# Are Newton's laws of motion redundant?

• V0ODO0CH1LD
In summary, there is some debate about whether Newton's three laws of motion are truly separate observations or if they can be summarized in a single equation. However, looking at the original text of Newton's work, it is clear that each law is distinct and conveys a different concept. While some may argue that the first law can be derived from the second, it is important to consider the original intention behind each law in order to fully understand their significance.
V0ODO0CH1LD
My question has to do with something Leonard Susskind, a professor of theoretical physics at Stanford University and director of the Stanford Institute for Theoretical Physics, said in one of his lectures. Basically that he didn't know why Newton wrote three laws of motion, when they could all be summarized as $F=ma$.

I can see why you would think that of Newton's first two laws, seeing as they are the same observation: force is proportional to acceleration. But I can't say the same about the third law. Which states that, in a closed system, the center of mass suffers no acceleration.

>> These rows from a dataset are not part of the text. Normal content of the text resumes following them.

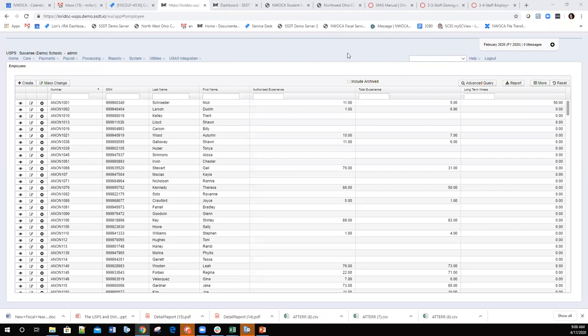Good morning everyone, and welcome to Freddie's West Fiscal. Today we're going to be covering the topic of USPS and EMIS connections — how the two work together. Before we get started, please make sure you're muted. If you have a question, you can unmute yourself or send a message in the chat.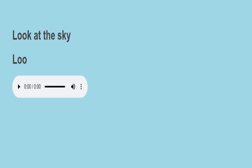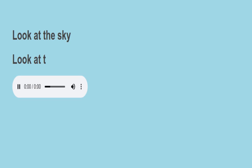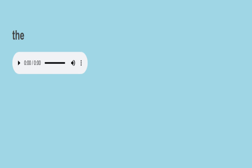L-O-O-K. Look. A-T. A-T-H-A. E. S-K-Y. Sky. Your turn to read.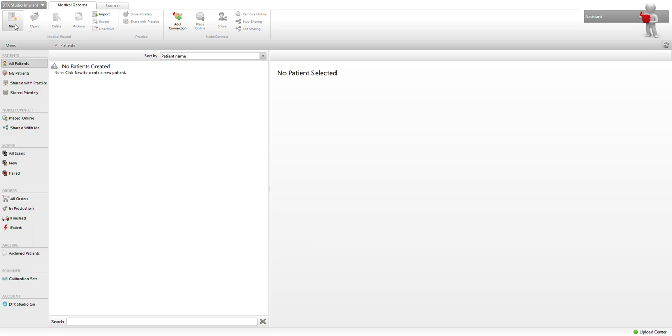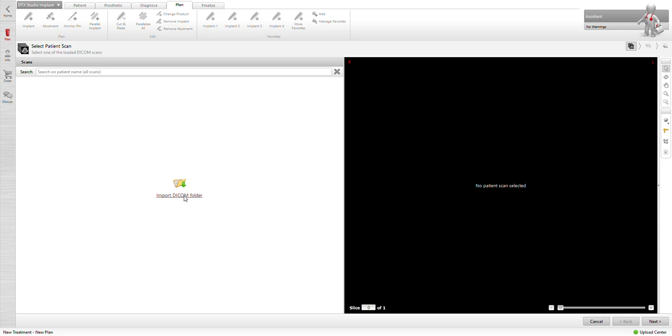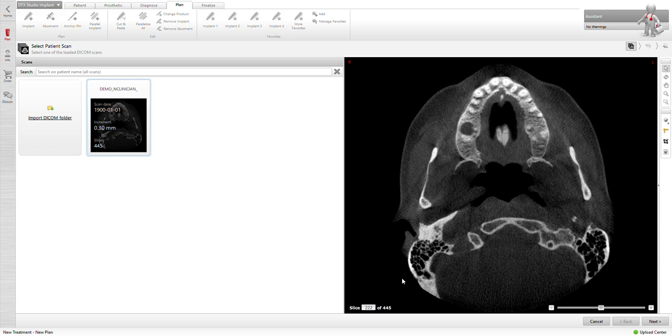Simply we're going to hit new, create new treatment plan. We're going to import our DICOM file, which I happen to have on desktop. I'm going to single click the file. I don't want to double click because then I'll get all the individual slices.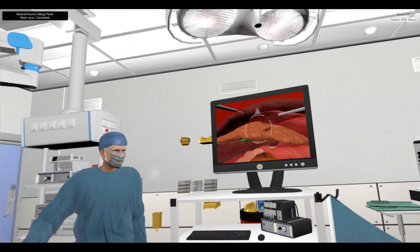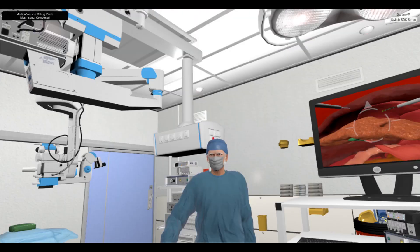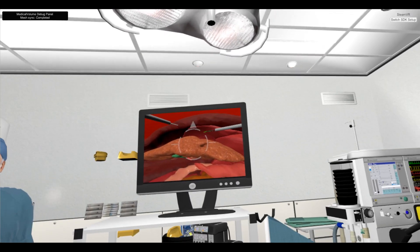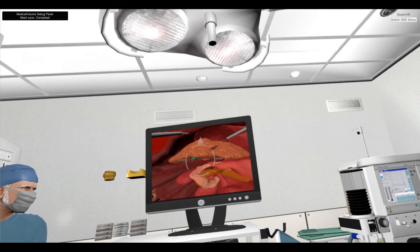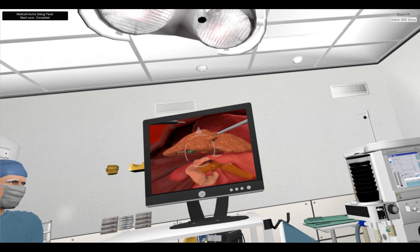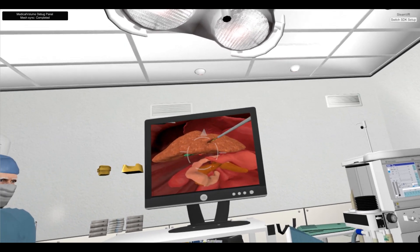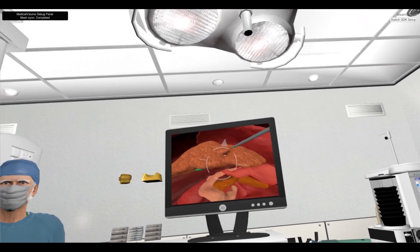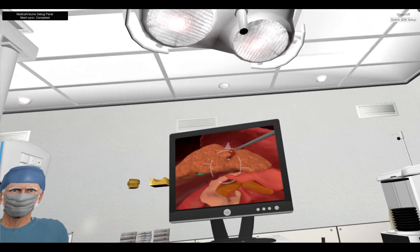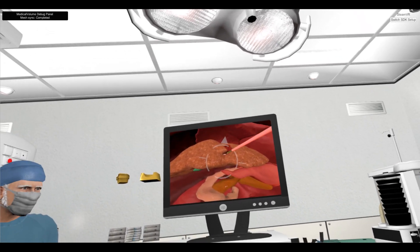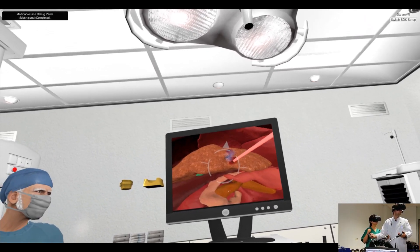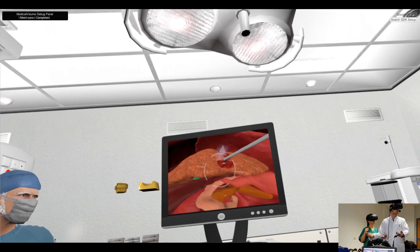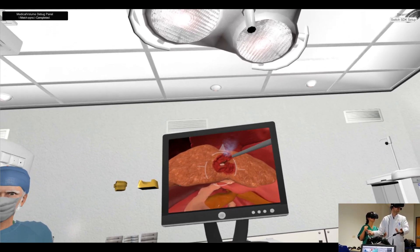In surgery mode, the experienced surgeon controls the symbol joysticks and uses the foot pedal, while the camera assistant controls only the symbol camera. The synchronization of virtual instruments over the network allows both users to see the captured view from the virtual camera, including the virtual grasper and the cutting instrument. A blue button of the foot pedal is required to press to activate the cutting.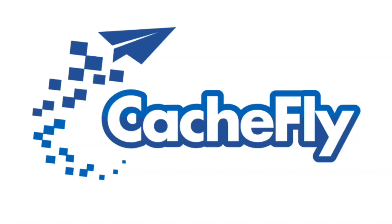Bandwidth for this podcast is brought to you by CashFly at cachefly.com.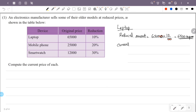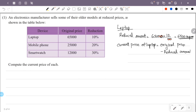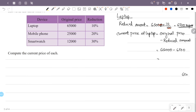Now we calculate the current price of the laptop. Current price equals original price minus reduced amount. The original price of the laptop is ₹65,000. So the current price is ₹65,000 minus ₹6,500, that is ₹58,500.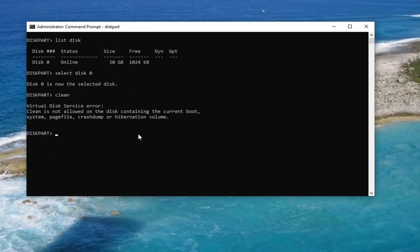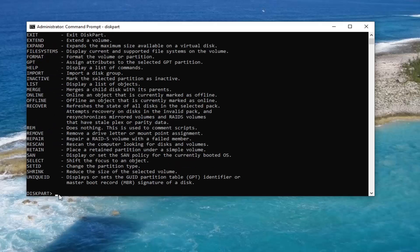A further thing you can try: if you know the drive letter, you can always type in C-H-K-D-S-K followed by a space and then whatever the drive letter is you want to run a check for bad errors. So let's say, for example, we are trying to do it on the current Windows installation drive, which is the C drive. You can type in whatever the drive letter is — in my case it's C — then a colon, a space, and forward slash F, exactly how it appears on my screen.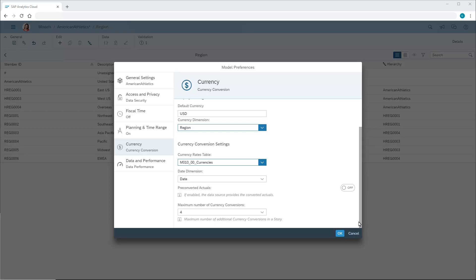Next, we have the option to enable pre-converted actuals. This allows us to import values in different source currencies and also import the actuals values already converted into the model's default currency, rather than using the exchange rates in the currency conversion table to perform the calculations. Note that the currency conversion table is still used for versions other than actuals. Refer to the video on importing pre-converted actuals for details.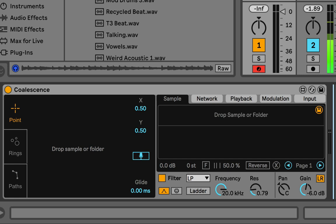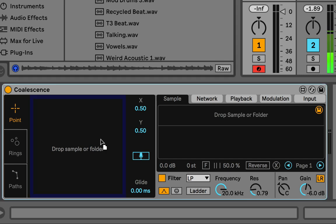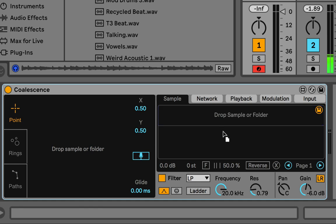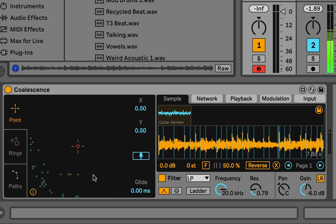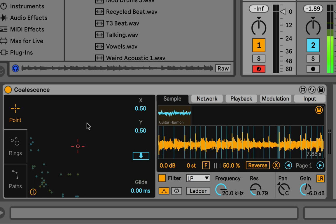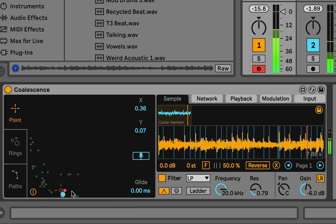As you know, you can drop the samples either on the network here or over here in the sample tab — it doesn't matter. I'll drop one in and it analyzes it, then cuts it up and puts it here in the network, and you can see these little circles are the slices.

Isn't the third law a separate/additional observation?

If he says so, then he is probably mistaken. I think if one law was direct consequence of another, Newton would notice and wrote so.

There are more approaches to formulate "Newton's laws", but the obligatory reading is what Newton wrote (Principia Mathematica):

http://archive.org/details/Newtonspmathema00newtrich

(see p. 83.)

As you can see from his book, each law says something different.

In modern physics the laws got reformulated a little bit, mainly due to new notion of inertial reference frame, but even after that, the Newton's laws are three separate statements.

Some people arrived at conclusions that the first law can be derived from the second, but I think this is only because they sticked to literal meaning of his or someone's else words and lost the original meaning Newton intended to transmit. I think that if more care and understanding were put into reformulation, it would be possible to restate the three laws in such way that would satisfy even a logician.

## 1. Are Newton's laws of motion still relevant today?

Yes, Newton's laws of motion are still relevant and used extensively in modern physics and engineering. They form the basis of classical mechanics and are essential in understanding and predicting the motion of objects.

## 2. Can Newton's laws of motion be applied to all objects?

Newton's laws of motion can be applied to most objects and situations, but they have their limitations. They work best for macroscopic objects and at speeds much slower than the speed of light. At the atomic and subatomic level, other laws such as quantum mechanics are needed to accurately describe motion.

## 3. Are Newton's laws of motion the only laws that govern motion?

No, there are other laws and principles that govern motion, such as the laws of thermodynamics and electromagnetism. However, Newton's laws of motion are fundamental and provide a general framework for understanding motion.

## 4. Can Newton's laws of motion be disproven?

New scientific discoveries and advancements may refine our understanding of Newton's laws of motion, but they have been extensively tested and have not been disproven. They have been validated by countless experiments and observations, making them a reliable framework for understanding motion.

## 5. Why are Newton's laws of motion still taught if they are redundant?

While Newton's laws of motion may seem redundant in the face of more complex theories and principles, they are still taught because they provide a solid foundation for understanding motion. They are also easier to comprehend and apply in everyday situations, making them a practical tool for solving problems in physics and engineering.